School of Medicine
- Type: Medical school
- Established: 1854; 172 years ago
- Parent institution: Queen's University Faculty of Health Sciences
- Director: Lisa Tannock
- Location: Kingston, Ontario, Canada 44°13′23″N 76°29′26″W﻿ / ﻿44.223051°N 76.490451°W Location of the decanal office
- Website: meds.queensu.ca

= Queen's School of Medicine =

Medical school of Queen's University at Kingston, Ontario, Canada

The Queen's School of Medicine is a unit of the Faculty of Health Sciences at Queen's University at Kingston responsible for research, as well as undergraduate and graduate education in Medicine.

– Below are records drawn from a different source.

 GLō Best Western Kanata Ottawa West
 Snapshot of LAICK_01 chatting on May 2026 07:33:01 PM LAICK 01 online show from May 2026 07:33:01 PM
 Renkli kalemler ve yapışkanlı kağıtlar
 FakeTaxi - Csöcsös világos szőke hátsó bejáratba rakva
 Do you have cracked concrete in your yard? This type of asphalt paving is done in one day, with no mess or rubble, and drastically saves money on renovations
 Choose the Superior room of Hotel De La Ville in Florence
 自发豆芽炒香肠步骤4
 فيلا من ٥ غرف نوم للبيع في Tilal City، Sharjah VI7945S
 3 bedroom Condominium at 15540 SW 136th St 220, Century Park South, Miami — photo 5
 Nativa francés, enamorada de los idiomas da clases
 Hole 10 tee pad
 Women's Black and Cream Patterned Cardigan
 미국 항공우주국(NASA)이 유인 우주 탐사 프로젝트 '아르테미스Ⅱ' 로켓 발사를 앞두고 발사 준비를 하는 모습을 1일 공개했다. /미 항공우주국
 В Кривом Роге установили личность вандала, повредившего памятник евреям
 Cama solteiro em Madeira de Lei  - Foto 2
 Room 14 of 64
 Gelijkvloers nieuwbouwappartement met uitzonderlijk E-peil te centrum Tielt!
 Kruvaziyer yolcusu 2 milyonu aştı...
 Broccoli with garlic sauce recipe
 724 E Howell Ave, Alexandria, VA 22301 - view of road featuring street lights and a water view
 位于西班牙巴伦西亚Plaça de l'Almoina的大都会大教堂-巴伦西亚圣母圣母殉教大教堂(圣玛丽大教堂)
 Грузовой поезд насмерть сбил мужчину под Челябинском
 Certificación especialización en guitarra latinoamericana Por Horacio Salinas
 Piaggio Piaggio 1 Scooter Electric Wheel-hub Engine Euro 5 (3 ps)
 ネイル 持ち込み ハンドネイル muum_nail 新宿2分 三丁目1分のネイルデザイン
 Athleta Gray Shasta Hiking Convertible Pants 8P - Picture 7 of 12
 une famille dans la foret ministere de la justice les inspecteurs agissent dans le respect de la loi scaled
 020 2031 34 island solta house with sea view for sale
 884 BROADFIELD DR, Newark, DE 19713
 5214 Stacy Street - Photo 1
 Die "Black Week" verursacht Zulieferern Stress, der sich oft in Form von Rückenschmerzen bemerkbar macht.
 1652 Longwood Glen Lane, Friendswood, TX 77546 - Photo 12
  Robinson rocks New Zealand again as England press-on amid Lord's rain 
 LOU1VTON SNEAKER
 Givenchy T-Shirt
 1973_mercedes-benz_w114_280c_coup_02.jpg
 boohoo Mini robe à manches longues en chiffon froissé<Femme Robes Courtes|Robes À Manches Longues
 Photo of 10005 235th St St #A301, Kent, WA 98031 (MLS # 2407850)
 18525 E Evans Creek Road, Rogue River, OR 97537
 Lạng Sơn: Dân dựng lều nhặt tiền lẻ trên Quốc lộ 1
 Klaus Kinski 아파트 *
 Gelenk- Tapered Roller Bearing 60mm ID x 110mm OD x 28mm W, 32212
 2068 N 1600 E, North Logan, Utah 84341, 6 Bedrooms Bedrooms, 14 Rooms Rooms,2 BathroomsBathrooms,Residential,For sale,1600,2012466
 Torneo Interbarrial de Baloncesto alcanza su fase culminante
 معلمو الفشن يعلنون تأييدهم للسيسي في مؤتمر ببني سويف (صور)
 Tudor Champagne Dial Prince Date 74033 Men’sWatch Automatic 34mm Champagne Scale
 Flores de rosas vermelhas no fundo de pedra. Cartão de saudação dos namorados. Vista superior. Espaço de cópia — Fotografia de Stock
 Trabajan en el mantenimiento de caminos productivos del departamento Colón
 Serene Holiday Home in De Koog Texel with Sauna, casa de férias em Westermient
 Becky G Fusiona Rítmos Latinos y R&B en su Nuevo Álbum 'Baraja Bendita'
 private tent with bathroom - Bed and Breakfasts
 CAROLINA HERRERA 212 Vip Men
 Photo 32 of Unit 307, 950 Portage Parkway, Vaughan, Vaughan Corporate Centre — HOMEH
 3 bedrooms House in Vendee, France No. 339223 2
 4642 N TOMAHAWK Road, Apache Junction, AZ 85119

The educational program leading to the MD degree is central to the purpose of the faculty. It must meet all the requirements for accreditation and prepare graduates for postgraduate training leading to licensure and certification by the Ontario College of Family Physicians or the Royal College of Physicians and Surgeons.

Each year, over 5,000 students apply and 100 are admitted into the first year medicine program. Candidates are selected based on their MCAT performance, GPA, autobiographical sketch, and interview.

==History==
The School of Medicine was founded in 1854. The original class had twenty-three students enrolled, taught by six lecturers in rented space on the second floor of 75 Princess Street in downtown Kingston.